Ferreira (2011) pontuou que, a ideia da rede social se deu no início do século
XX, onde a princípio as relações sociais são compreendidas como um tecido que
condiciona a ação dos indivíduos que estão inseridos nele. Associando o
comportamento individual à estrutura pela qual pertence, a metáfora de tecido ou
rede foi utilizada na sociologia, e transformada em uma metodologia intitulada
sociometria. Sociometria essa que, cientistas sociais entraram em um consenso
de que Jacob Moreno, em 1934, foi fundador com seu trabalho sobre padrões de
amizade.
Para Silva et al (2013) o desenvolvimento da Internet é importante para que
as redes sociais aconteçam de fato, onde as mídias se tornam uma das marcas
da sociedade com o objetivo de “repentinidade” com a qualidade e a interatividade.
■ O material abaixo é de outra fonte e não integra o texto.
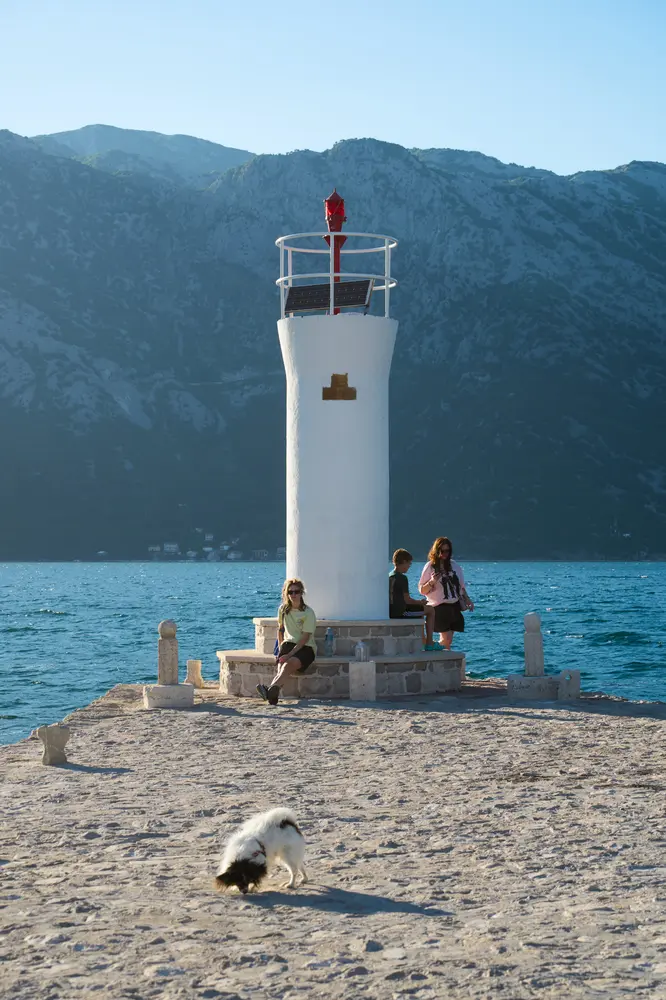 2026-06-12_perast_lighthouse-on-island-edge_dsc06266.jpg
Neste sentido, com o passar do tempo, a Internet se tornou cada vez mais ativa
na vida das pessoas, e com isso algumas mudanças começaram a acontecer.
Como afirma Guerreiro (2006) a Internet, o maior meio de comunicação da
sociedade, entrou na vida das pessoas e gerou mudanças nos ambientes
organizacionais e pessoais.
Embora a tecnologia, a Internet, e até mesmo as redes sociais sejam
importantes na vida do indivíduo, “a virtualização pode ser compreendida como o
afastamento da experiência imediata, vivida no campo próprio do indivíduo”
(CAZELOTO, p. 2, 2009). Ainda que, para o mesmo autor, é possível que haja,
através da virtualização, laços afetivos.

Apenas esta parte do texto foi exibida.